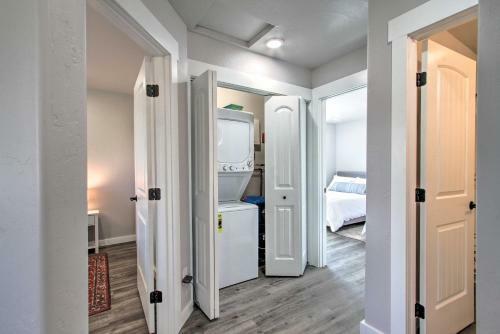 Bright And Modern Augusta Home - Walk To Town!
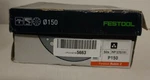 Pack - Festool 575191 Rubin 2 150 Grit For 6" Sander 50X. Fixed Price $44.99.
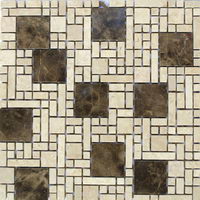 Mosaic wall brick series - 7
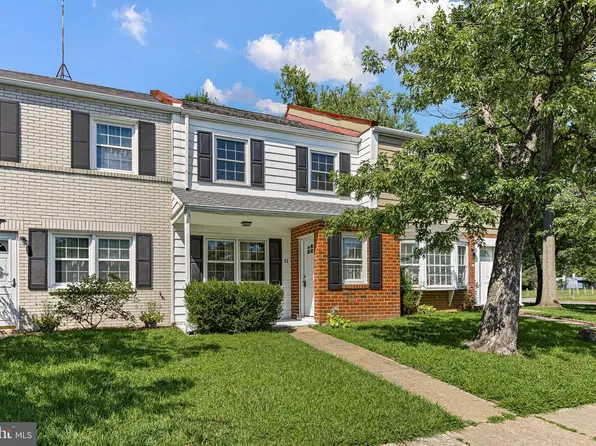 62 Ethan Allen Ct, Newark, DE 19711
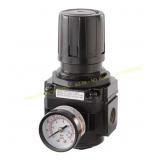3/8 in. High Performance Air Regulator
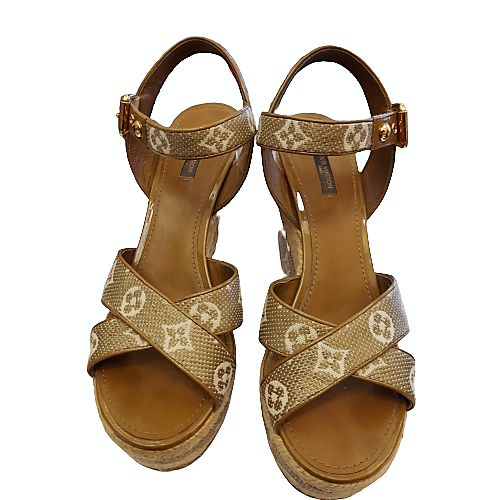 Sandalo Louis Vuitton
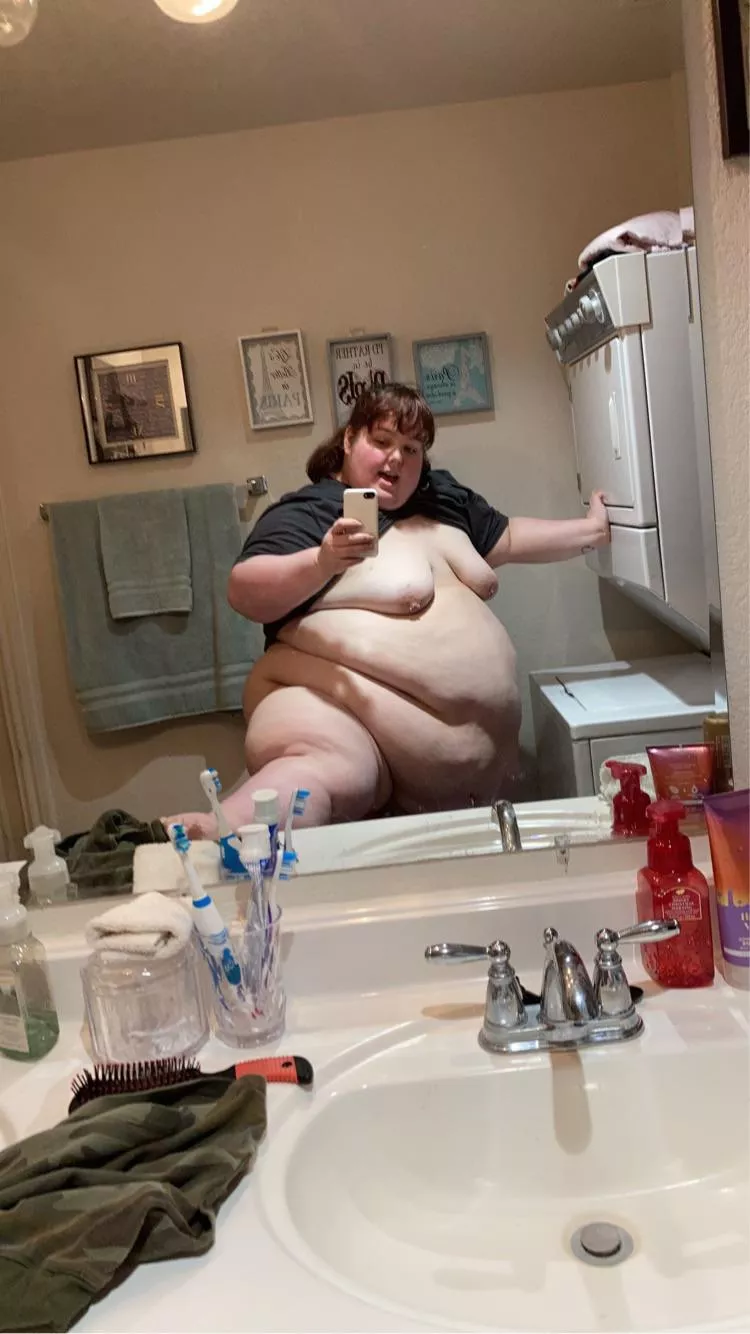 Home from a long night of work 😴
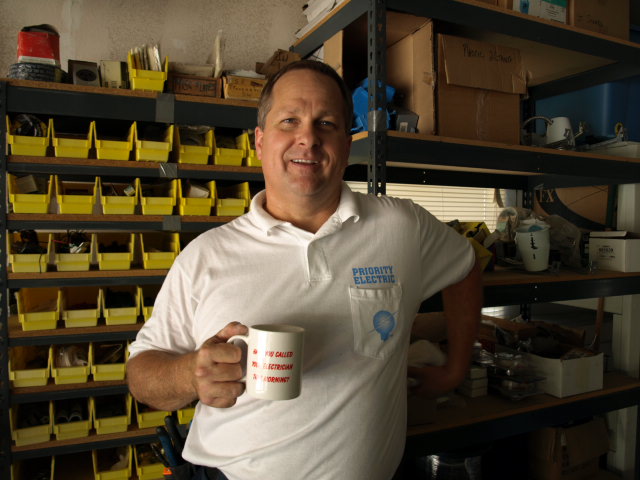 dos vientos electrical contractor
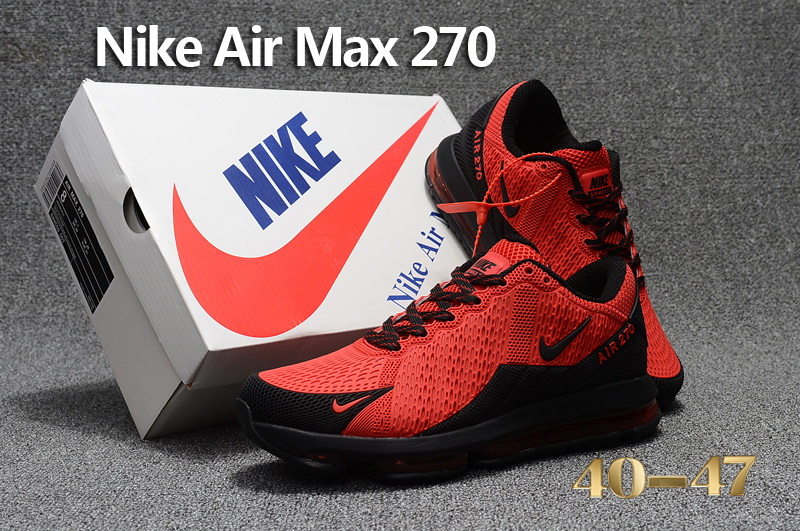 Nike Air Max 270 men shoes-006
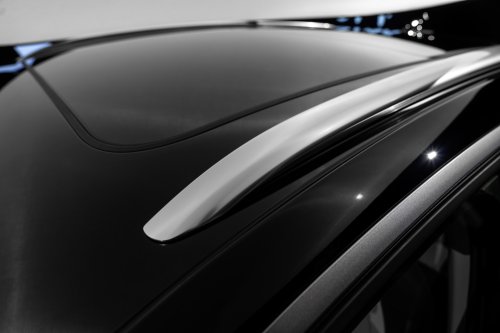 2025 Volkswagen T-Roc revealed – second-gen ‘Golf SUV’ is longer, 1.5L eTSI MHEV, column gear selector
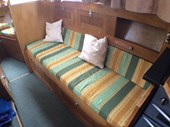 Princess 32 Boat for Sale, "Naughty Lass" - thumbnail - 11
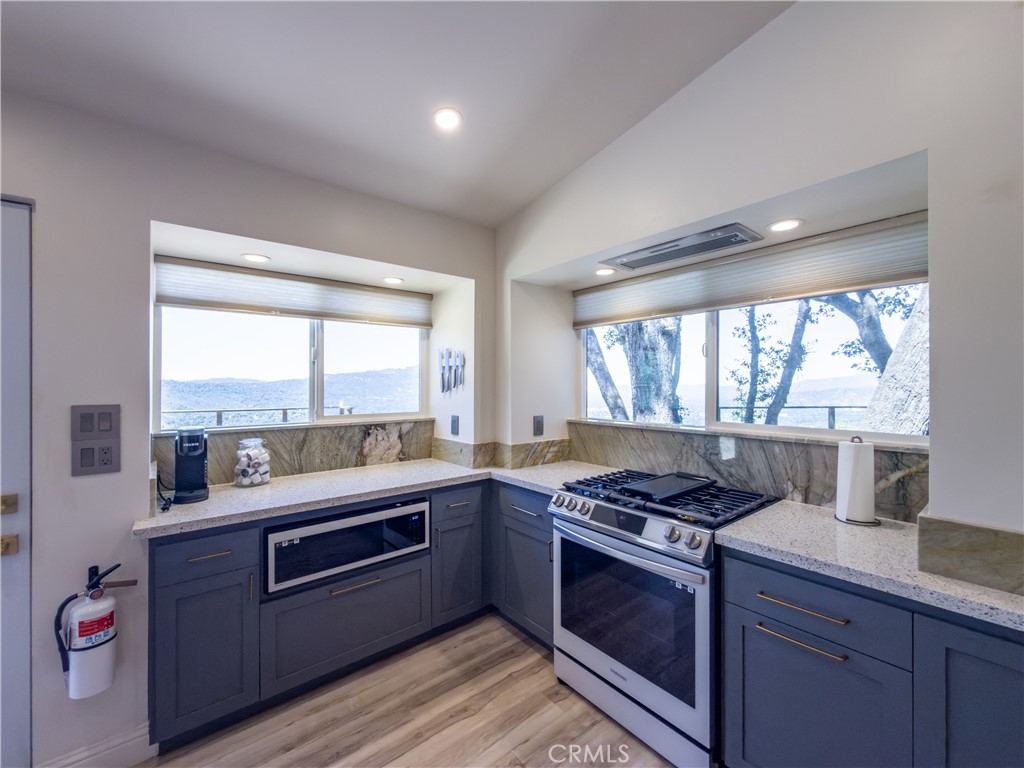 Residential in Oakhurst 3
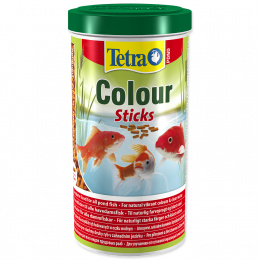 Tetra Pond Color stick1L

▶ _TO DO_
Within the listing above, write out the stretch from the line with "Sandalo Louis Vuitton" through the line with "2025 Volkswagen T-Roc" exactly. Any pictures are to be left out.

▶ _TASK RESULT_
 Sandalo Louis Vuitton
 Home from a long night of work 😴
 dos vientos electrical contractor
 Nike Air Max 270 men shoes-006
 2025 Volkswagen T-Roc revealed – second-gen ‘Golf SUV’ is longer, 1.5L eTSI MHEV, column gear selector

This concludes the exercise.